Bericht rügt Missachtung von Hinweisen auf Omagh-Anschlag

Von Peter Nonnenmacher (London)

Monatelang beteuerte Nordirlands Polizeipräsident, es habe keine ernsthaften Warnungen vor dem Bombenattentat von Omagh gegeben, bei dem im Sommer 1998 in der kleinen nordirischen Stadt 29 Menschen getötet und über 300 verletzt worden waren. Nun muss sich Sir Ronnie Flanagan sagen lassen, dass die Polizei Warnungen ignoriert, die folgende Morduntersuchung gründlich verpfuscht und danach ihr Versagen geheim zu halten versucht habe.

Schon sieht sich der Polizeipräsident, der nächstes Jahr zurücktreten wollte, zum früheren Abgang gedrängt. Die Angehörigen der Omagh-Opfer können "kaum glauben", was sie da hören müssen. "Ich bin verdammt wütend heute", verschafft sich Stanley McCombe Luft, dessen Frau bei dem Bombenattentat ums Leben kam. "Es ist doch lächerlich, dass Leute leiden mussten, weil die Polizei Fehler machte". Viktor Barker, der seinen zwölfjährigen Sohn James verlor, will "den Sicherheitskräften nicht den Tod meines Sohnes zur Last legen; aber es widert mich an, dass sie nichts unternommen haben".
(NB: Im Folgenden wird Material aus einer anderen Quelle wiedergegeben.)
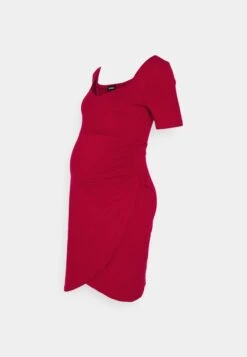 TubinoRed Donna Vestiti EVO29F017-G11 8 TubinoRed Donna Vestiti EVO29F017-G11 -Fashion 451fd8b2aed049ca8e21a21773c03ca9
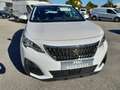 Peugeot 3008 3008 1.5 bluehdi Active s&s EAT8 Blanc - thumbnail 4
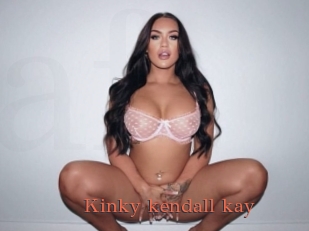 Kinky_kendall_kay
Auf die Anklagebank gesetzt sieht sich Flanagan von einer Anwältin und Universitätsdozentin, die seit einem Jahr als Ombudsfrau für Polizei-Angelegenheiten in Nordirland amtiert. Nuala O'Loan, die früher als Verbraucher-Vertreterin Großkonzerne das Fürchten lehrte, zeigt auch im Umgang mit der Polizei keinen falschen Respekt. In einem Bericht zu Omagh, der diese Woche veröffentlicht werden soll, im wesentlichen aber schon vorab bekannt wurde, beschuldigt sie Flanagans Truppe schwerer Verfehlungen und inkompetenter Verfahrensweisen.
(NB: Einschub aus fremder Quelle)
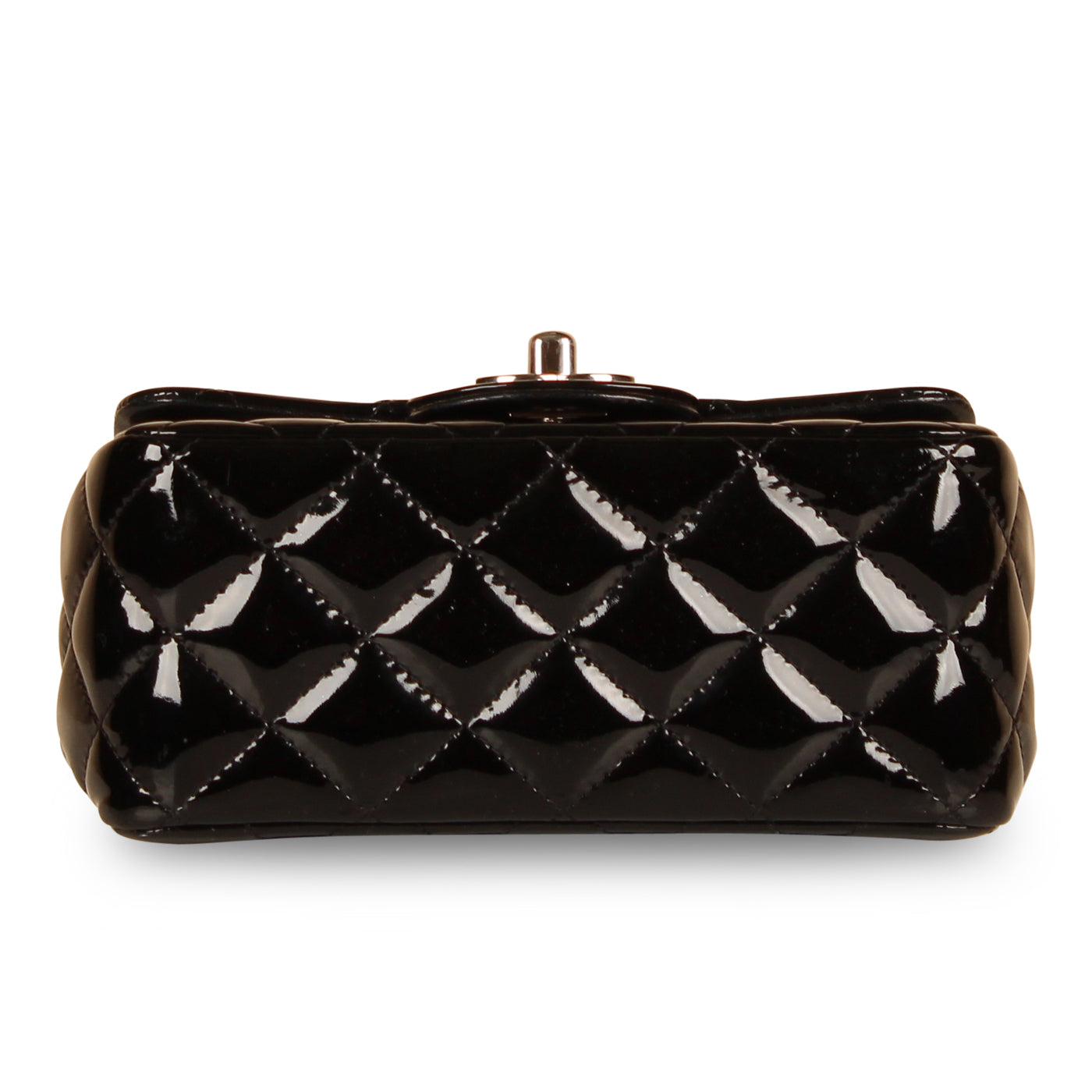 Chanel Classic Flap Shoulder Bag - Rovelle Bags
Dass die Polizei das Attentat vom 15. August 1998 hätte verhindern können, sagt O'Loans Bericht zwar so nicht, aber er versichert, dass der Royal Ulster Constabulary (RUC) mindestens zwei konkrete Hinweise auf den Anschlag vorgelegen hätten, die nicht weiter verfolgt worden sien. Einer der Hinweise, ein 15-Minuten-Anruf bei einem Detektiv in Omagh, mit Informationen über Tag und Ort des Anschlags, soll elf Tage vor dem 15. August eingegangen sein; der andere stammte von einem Doppelagenten, der sogar den Bombenbastler beim Namen nannte.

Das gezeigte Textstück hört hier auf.